Selama ini, sektor yang memiliki konstribusi paling besar terhadap perekonomian Indonesia adalah sektor Industri Manufaktur (Pengolahan). Hal tersebut dapat dilihat besarnya kontribusi sektor Industri Manufaktur Non Migas terhadap PDB Nasional dari tahun 2008-2013 rata-rata lebih dari 25 persen. Pada tahun 2009, akibat struktur perekonomian Indonesia yang belum kokoh serta daya saing produk manufaktur Indonesia yang masih lemah membuat kinerja Industri Manufaktur Indonesia sangat tertekan atas krisis ekonomi yang melanda negara maju dimana hanya tumbuh 2,21 persen. Lalu bagaimana dengan kinerja sektor Industri Manufaktur dalam menyosong era MEA 2015 yang mulai berlaku pada 31 Desember 2015? Cabang Industri Manufaktur manakah yang memiliki kinerja baik selama ini? Apabila besarnya investasi/penanaman modal dapat menjadi indikator prospektifnya suatu cabang industri dimata investor, maka cabang Industri Manufaktur mana yang paling banyak besar investasi/penanaman modal barui? Bagaimana perkembangan kredit yang disalurkan oleh perbankan untuk Industri Manufaktur?
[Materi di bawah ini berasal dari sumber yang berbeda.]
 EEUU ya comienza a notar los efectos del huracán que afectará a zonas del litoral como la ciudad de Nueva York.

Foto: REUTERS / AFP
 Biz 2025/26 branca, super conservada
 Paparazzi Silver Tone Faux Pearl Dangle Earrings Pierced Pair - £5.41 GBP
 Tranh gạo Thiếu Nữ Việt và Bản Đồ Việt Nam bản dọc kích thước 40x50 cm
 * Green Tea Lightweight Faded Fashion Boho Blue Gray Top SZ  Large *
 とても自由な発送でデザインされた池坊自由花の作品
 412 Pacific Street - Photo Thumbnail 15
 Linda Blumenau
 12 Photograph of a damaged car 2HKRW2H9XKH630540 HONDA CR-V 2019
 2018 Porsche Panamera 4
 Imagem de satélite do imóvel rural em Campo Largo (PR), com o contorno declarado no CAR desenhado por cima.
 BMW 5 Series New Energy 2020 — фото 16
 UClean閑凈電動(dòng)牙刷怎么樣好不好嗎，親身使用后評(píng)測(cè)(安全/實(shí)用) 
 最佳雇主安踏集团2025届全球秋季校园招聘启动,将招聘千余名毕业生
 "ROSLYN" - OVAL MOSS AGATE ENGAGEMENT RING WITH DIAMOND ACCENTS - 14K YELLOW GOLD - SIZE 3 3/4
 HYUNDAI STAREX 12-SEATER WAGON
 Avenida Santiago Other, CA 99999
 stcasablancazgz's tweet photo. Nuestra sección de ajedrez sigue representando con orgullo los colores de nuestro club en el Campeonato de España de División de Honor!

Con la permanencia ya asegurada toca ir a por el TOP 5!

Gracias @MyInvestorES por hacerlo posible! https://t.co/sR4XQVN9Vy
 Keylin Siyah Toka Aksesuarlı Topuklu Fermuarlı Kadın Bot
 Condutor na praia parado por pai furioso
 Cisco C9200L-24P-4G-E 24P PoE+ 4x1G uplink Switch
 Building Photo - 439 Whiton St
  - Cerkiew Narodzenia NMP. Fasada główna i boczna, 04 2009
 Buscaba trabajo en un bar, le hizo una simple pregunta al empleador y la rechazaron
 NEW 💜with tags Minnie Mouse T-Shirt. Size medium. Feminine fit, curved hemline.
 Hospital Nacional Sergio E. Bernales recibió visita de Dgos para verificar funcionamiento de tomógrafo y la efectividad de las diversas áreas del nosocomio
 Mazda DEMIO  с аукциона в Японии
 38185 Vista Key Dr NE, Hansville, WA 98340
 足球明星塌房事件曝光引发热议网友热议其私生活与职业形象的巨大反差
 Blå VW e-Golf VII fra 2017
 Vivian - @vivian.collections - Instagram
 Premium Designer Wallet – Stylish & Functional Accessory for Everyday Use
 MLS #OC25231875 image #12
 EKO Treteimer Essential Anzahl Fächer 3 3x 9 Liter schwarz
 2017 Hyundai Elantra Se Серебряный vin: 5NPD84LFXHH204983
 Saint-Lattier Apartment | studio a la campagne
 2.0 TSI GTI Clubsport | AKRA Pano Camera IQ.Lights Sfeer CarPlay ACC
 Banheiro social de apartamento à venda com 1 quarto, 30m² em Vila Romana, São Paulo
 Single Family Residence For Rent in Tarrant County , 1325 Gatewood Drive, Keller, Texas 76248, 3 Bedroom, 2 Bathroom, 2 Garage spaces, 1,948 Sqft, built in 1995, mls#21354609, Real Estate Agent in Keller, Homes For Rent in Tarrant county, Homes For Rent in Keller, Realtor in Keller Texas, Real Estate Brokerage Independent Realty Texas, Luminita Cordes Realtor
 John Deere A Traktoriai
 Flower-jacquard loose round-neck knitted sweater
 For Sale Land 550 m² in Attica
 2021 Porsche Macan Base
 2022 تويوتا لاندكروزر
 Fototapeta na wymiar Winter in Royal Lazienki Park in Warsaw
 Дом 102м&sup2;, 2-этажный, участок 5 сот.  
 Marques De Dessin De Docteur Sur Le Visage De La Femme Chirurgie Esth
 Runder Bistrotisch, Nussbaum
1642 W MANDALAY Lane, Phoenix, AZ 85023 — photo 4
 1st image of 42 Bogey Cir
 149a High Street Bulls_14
Kondisi Umum Industri Indonesia
United Nations Industrial Development Organization (UNIDO) dalam laporannya (Industrial Development Report 2013) menyatakan bahwa Competitive Industrial Performance (CIP) Indonesia berada pada rangking 38 dari 135 negara, jauh dibawah beberapa negara Asia lainnya, yaitu Jepang (1), Korea (4), Singapura (6), Malaysia (21), dan Thailand (23). Terdapat dua faktor besar yang menyebabkan rendahnya daya saing Indonesia.
1.      Faktor eksternal antara lain birokrasi yang belum pro-bisnis/industri, keterbatasan dan belum meratanya infrastruktur (jaringan jalan, pelabuhan, kereta api, listrik, pasokan gas), masalah kepastian hukum, suku bunga perbankan yang relatif masih tinggi bila dibandingkan negara Asean lainnya, insentif fiskal yang belum bersaing dibanding dengan yang ditawarkan oleh negara Asean lainnya (pengurangan pajak ekspor, penunurna pajak barang mentah dan teknologi).
2.      Faktor internal karena lemahnya struktur klaster industri (industrial cluster), yaitu lemahnya keterkaitan antar industri, baik antara industri hulu dan hilir, maupun antara industri besar dengan industri kecil dan menengah. Akibatnya terjadi keterbatasan berproduksi barang setengah jadi, keterbatasan industri berteknologi tinggi, kesenjangan kemampuan ekonomi antar daerah, serta ketergantungan ekspor pada bahan baku dan penolong.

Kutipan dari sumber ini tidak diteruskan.